Elections législatives
La Chambre des Représentants est élue
au suffrage universel, direct, secret et obligatoire pour une
durée de cinq ans. Le mandat quinquennal de chaque Chambre est
appelé période parlementaire. Les
élections sont générales, se déroulent le
même jour sur tout le territoire et doivent assurer l’expression
libre, sans obstacles et non falsifiée de la volonté
populaire. Elles sont proclamées par décret du ministre
de l’Intérieur publié au Journal officiel de la
République et se déroulent le deuxième dimanche
du mois précédant la fin de la période de la
Chambre sortante. Toute question relative à la validité
des élections est jugée exclusivement par la Cour
Suprême de la République.
Système
électoral
La constitution ne définit pas de
système électoral précis et ne détermine pas non plus les
circonscriptions électorales. Les réglementations s’y rapportant
font l’objet d’une loi votée par la Chambre. Le système
majoritaire est resté en vigueur jusqu’en 1979 ; il fut
remplacé d’abord par le système proportionnel renforcé (Loi 72 de
1979), et, par la suite, par un système ressemblant au système
proportionnel simple (Loi 11 (1) de 1996), étant donné que le
système majoritaire n’assurait pas la représentation de la
minorité et entraînait une répartition injuste et inéquitable des
sièges ne correspondant pas à la force réelle des partis.

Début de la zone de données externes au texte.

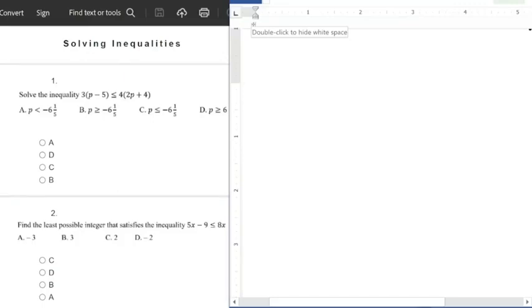Hello everyone, welcome to this class. In this class we want to look at questions on inequalities — how to solve inequalities questions.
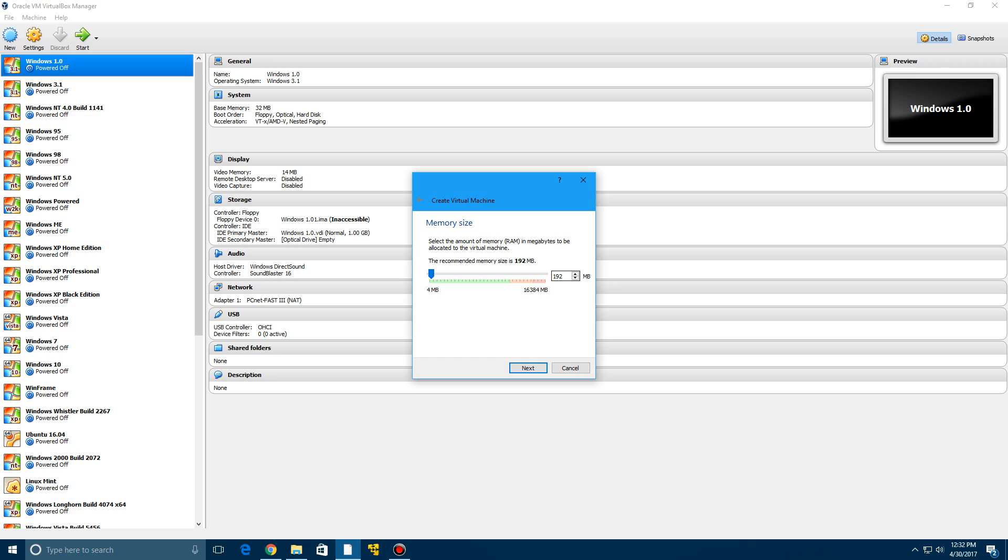But really, I just recommend leaving it at the recommended size just because sometimes if you over-allocate, especially for older ones like Windows 98, if you put more than 2 gigabytes of memory dedicated to your virtual machine, it will not work. So I'm just going to leave this at the base of 192 megabytes and click next.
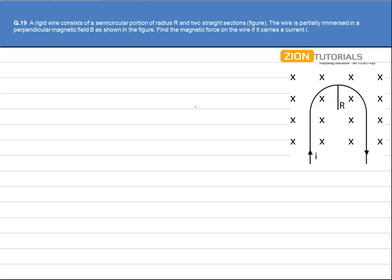Before solving this question, please refer to the previous question that I have solved. It will help you in understanding this question.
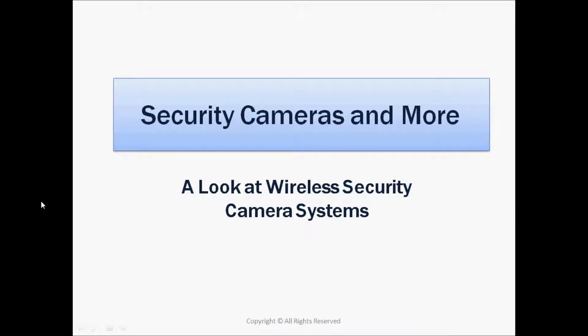Hello and welcome to Security Cameras and More. In an earlier video, we took a look at several different wireless security camera systems configurations.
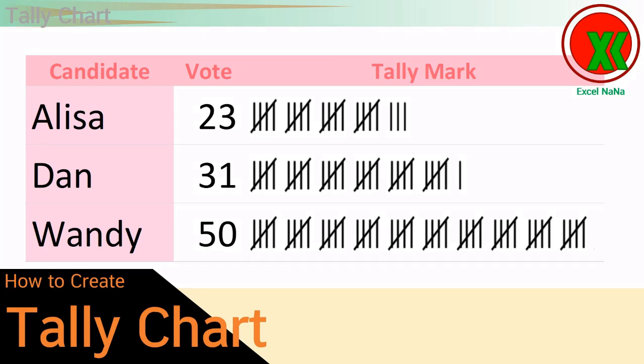Welcome to Excel Nana. In this video, I'm going to explain to you how to make a tally chart.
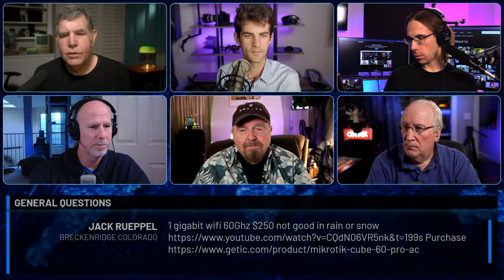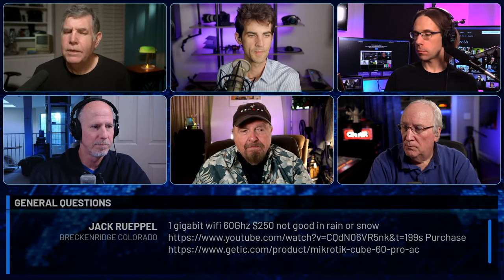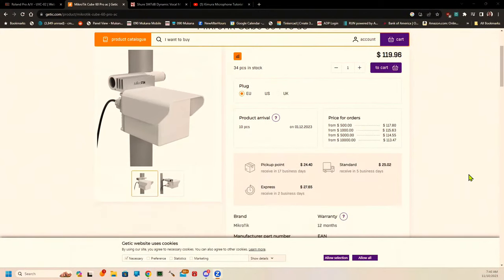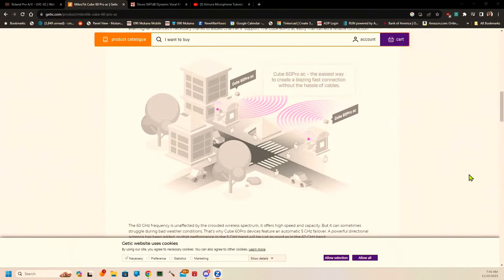Jack Ruppel asks about the Microtech Cube 60 Pro AC — 1 gigabit Wi-Fi at 60 gigahertz for $250, but not good in rain or snow. It's a 60 gigahertz microwave link — you put one cube on each building to share a network across a campus. It needs clear line of sight, which is what rain and heavy snowfall will interrupt. It's probably effective up to about a mile in clear conditions.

Selon la loi électorale, à des
fins de déroulement des élections législatives, le territoire
chypriote est divisé en six circonscriptions électorales dont l’étendue
et les limites correspondent à l’étendue et aux limites des six
régions administratives de l’Etat. De nos jours, sur les
cinquante-six sièges chypriotes grecs, vingt et un sièges sont
attribués à Nicosie, douze à Limassol, onze à Famagouste, cinq à
Larnaca, quatre à Paphos et trois à Kérynia.
Eligibilité
des candidats députés
Pour poser sa candidature au mandat
parlementaire, une personne doit être citoyen de la République de
Chypre, avoir vingt-cinq ans révolus, ne pas avoir été condamnée
pour un délit déshonorant ou d’obscénité morale, ne pas avoir
été privée d’éligibilité en raison d’un délit électoral et
ne pas souffrir d’une maladie mentale la rendant incapable d’exercer
ses fonctions.
Incompatibilité
de la fonction parlementaire
La qualité de député est
incompatible avec la fonction de ministre, de maire, de conseiller
municipal, de membre des forces armées ou des corps de sécurité, de
même qu’avec toute autre fonction ou tout autre emploi public ou
municipal.
Devoirs
et droits des députés
Avant l’investiture, les députés
font une déclaration lors d’une session publique de la Chambre,
affirmant qu’ils feront preuve de fidélité et de respect envers la
constitution et les lois conformes à cette dernière, de même qu’envers
le maintien de l’indépendance et de l’intégrité territoriale de
la République.
Les députés bénéficient de
certains privilèges accompagnant leurs fonctions, qui sont les
suivants :
-
l’irresponsabilité pour une opinion exprimée
ou un vote donné à la Chambre des Représentants.
-
l’immunité parlementaire. Sans autorisation de
la Cour Suprême, aucun député ne peut être poursuivi, arrêté
ou emprisonné aussi longtemps qu’il est membre du parlement.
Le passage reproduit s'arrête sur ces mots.